People on medications that control the balance of the body’s natural salts and minerals, or medications to control cardiac (heart) function are also at risk, as sweating and dehydration will affect that balance and can inhibit the ability to sweat, thereby making a person more vulnerable to the effects of heat.
Young children’s susceptibility to high temperatures varies. Children cannot control their body temperature as efficiently as adults during hot weather because they do not sweat as much and so can be at risk of ill-health from heat. This can range from mild heat stress to more serious and potentially life-threatening heatstroke. The main risk from heat for children is dehydration.
It is important for people to avoid getting hot in the first place and, if hot, to give the body a break from the heat by moving to a cooler part of the house, finding some shaded green space (it may be cooler outside in the shade than it is indoors), or by having a cool bath or shower. Advice as the temperature rises, is to: stay out of the sun between 11am and 3pm; apply sunscreen, wear loose, lightweight cotton clothing, a hat, and sunglasses; have plenty of cold drinks – avoid alcohol, caffeine and hot drinks; avoid physical exertion including DIY or gardening as well as sport and exercise, but if it can’t be avoided try to keep to doing more vigorous exertion in the early morning or evening when it is cooler; children should not take part in vigorous physical activity on very hot days, such as when temperatures are above 30°C.
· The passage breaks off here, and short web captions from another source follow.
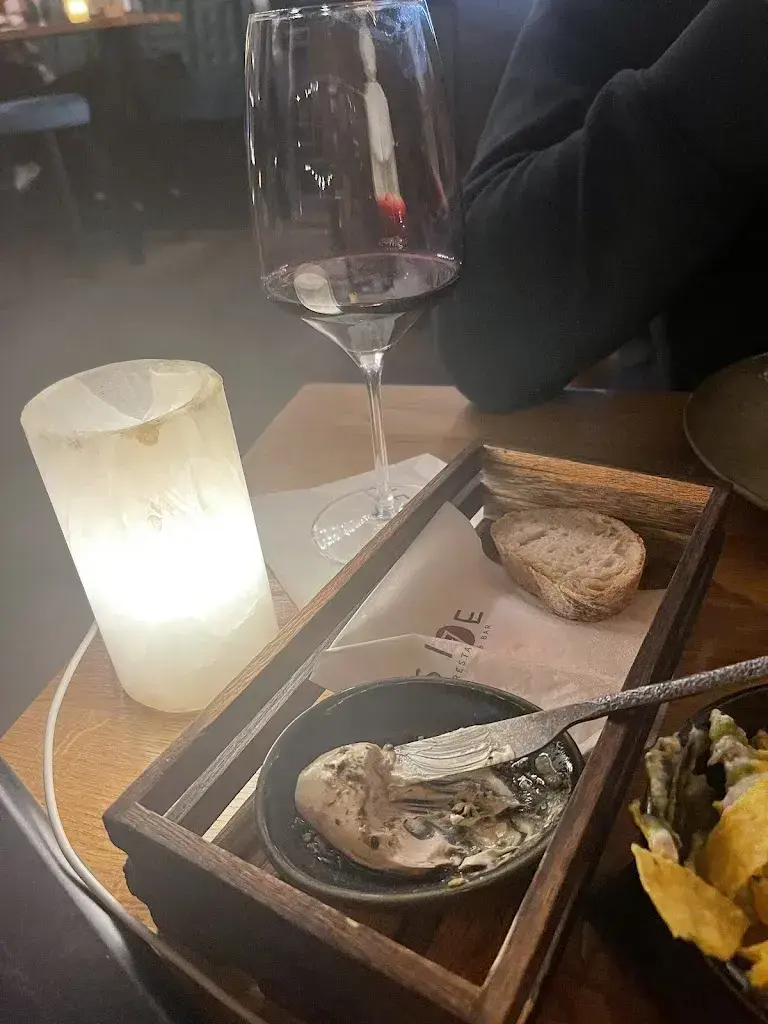 Nichole Braase_SIE7E Restaurant, Tapas & Bar_Malters_review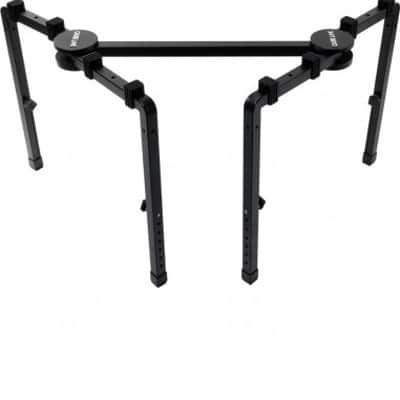 Quik Lok WS/650 Supporto regolabile in altezza e lunghezza image 4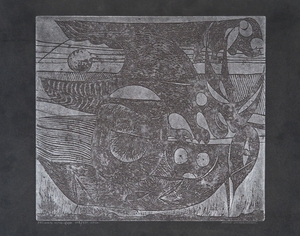 Preliudas alfai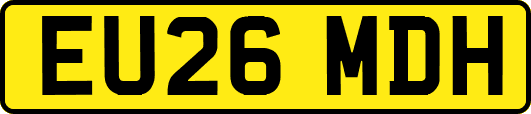EU26MDH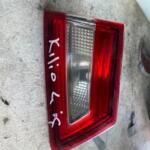 Renault Clio Sağ Arka Stop çıkma parça - T-F-M OTOMOTİV SAKARYA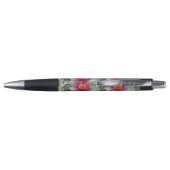 Stylo Rose Lotus Water Lily (Dos)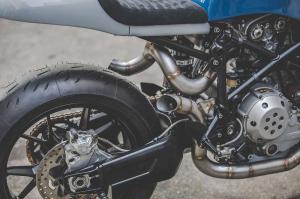 2016 Ducati 749S by deBolex Engineering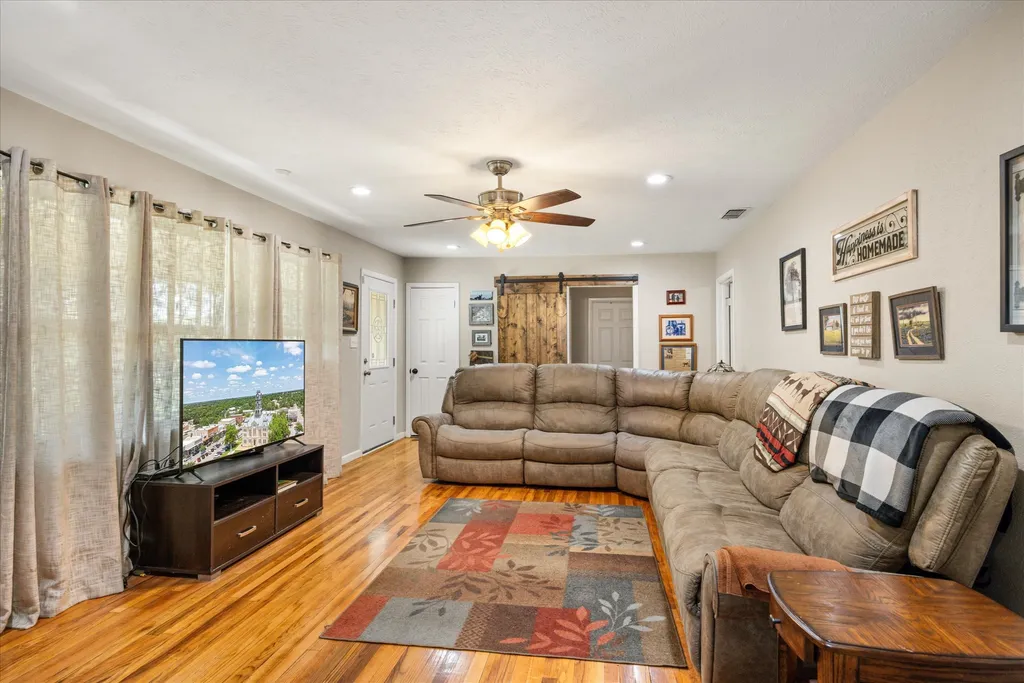 10202 S Us Highway 377 Dublin TX 76446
Keep your environment cool: Keep your bedroom and living space cool by closing the curtains on windows that receive the sun and opening your windows at cooler times of the day – in the early morning and overnight. Turn off non-essential lights and electrical items as these generate heat. Electric fans may provide some relief if temperatures are below 35 degrees C (but do not aim them directly at the body). Seek medical advice if you have a chronic long-term condition or are taking multiple medications and become unwell due to the heat. Keep medications that require storing below 25 degrees C in the fridge. Follow storage instructions on packaging. For information on heat-related illnesses and what to do should you or someone you know feel unwell, visit the NHS website. Call NHS 111 or a GP if you or someone you know becomes unwell. Call 999 in an emergency.